The vision that nurtured my “conversion” was your living the incarnation!

So many times, in that excited kind way of yours, you would keep reminding me that (as best as I can catch you):

“Okay, easy. Now, let’s see if we can get it right,” you would say.

“Indeed, if God is really in this room, this place, as we know he is, eh—we can’t be in too much trouble, now can we?

“See. Either we are one with the Holy Spirit or not, eh. And if the Incarnation, the Word made flesh is a living reality, then the whole cosmos is sacramentalized, is redeemed, is sacred and holy. Is really church, see (laughing), and you can’t get out, eh, can’t escape that, even if you wanted to.

“So, you see, you don’t really need to get anywhere or be anybody—all that so-called ambition and going somewhere thing. … You’re already who you are and where you are: home! Really. God’s house, eh? Creation.

“Now, we’ve got to stop all this stuff about ‘just-i-fi-ca-tion.’ Let go and become who you have always been! That’s the one-time, most important thing you’ve got to remember to remember. That’s the real and true meaning of Resurrection—a return to your original source. Go home to God.

“So stop trying to be other than who you are by erecting monuments of your achievements— such things as books, artworks, great ideas—you know, evidence to prove your worth and justify your existence to God. . . . That’s all so much waste.

“See. That’s the true meaning of hope … to trust in the ultimate goodness of creation. Hope doesn’t mean an anticipation or expectation of a deliverance from an intolerable or oppressive situation or condition. That’s what most of us are doing most of the time: wanting something other than what is. As I said, true hope is trusting that what we have, where we are, and who we are is more than enough for us as creatures of God.

“To appreciate this, you’ve got to know that revelation is all around you all the time … Revelation expressing itself as beauty, truth, goodness, and especially love! Creation is lit up with the numinous.
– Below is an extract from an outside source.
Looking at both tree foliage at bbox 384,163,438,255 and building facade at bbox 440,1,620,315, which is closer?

Numinous: that’s God saying ‘Hi!’ (laughing).

“And faith is the surrender to this great gift of love: Life!… To be alive in creation … Submit to it—not in the sense of passive resignation—but in acceptance and participation in being!

“I give up. Take me, you say in prayer. You give back, in sacrifice, what was never yours.

“So, you see, it’s something like this, to use an image or a metaphor. After all, I’m a poet of sorts, not a philosopher or theologian, eh?

“In total inhalation, in the act of Eucharist, you eat the Mystical Body, the Cosmic Christ by accepting, by participating, by celebrating, in joy, the total charity of your being in creation! The ‘I’ of you does to one; you are, in the truest sense, what you eat.

“And in total exhalation you offer up, give back, go home in redemption. You do this by curing the inner split between you and God the Incarnate Creator, what we oftentimes call in Mystical Theology original sin.

“That’s why you go to the monastery, the primary reason anyway. It’s to do that, to heal the illusion of separation, the separation of you from your true person, from the world in creation, and especially from God.

“It’s all, we’re all one!

“So relax. Quit apologizing.

“God loves you or you wouldn’t be … eh?

(laughing)

“Sure …”

You were a Bodhisattva*, Thomas Merton. That I know. And you were around here to tell me and others the above.

 

*Bodhisattva: “in Mahayana Buddhism one who having attained enlightenment (bodhi) is on his way to Buddhahood but postpones his goal to keep a vow to help all life attain salvation.”

 

—this article was taken from US Catholic magazine, December 1978.  I found it inside the cover of a copy of Ron Seitz’ book, Song for Nobody: A Memory Vision of Thomas Merton, 1993, in the Cardinal Stritch Retreat House, Mundelein, Illinois while at a Transforming Community retreat in April, 2013.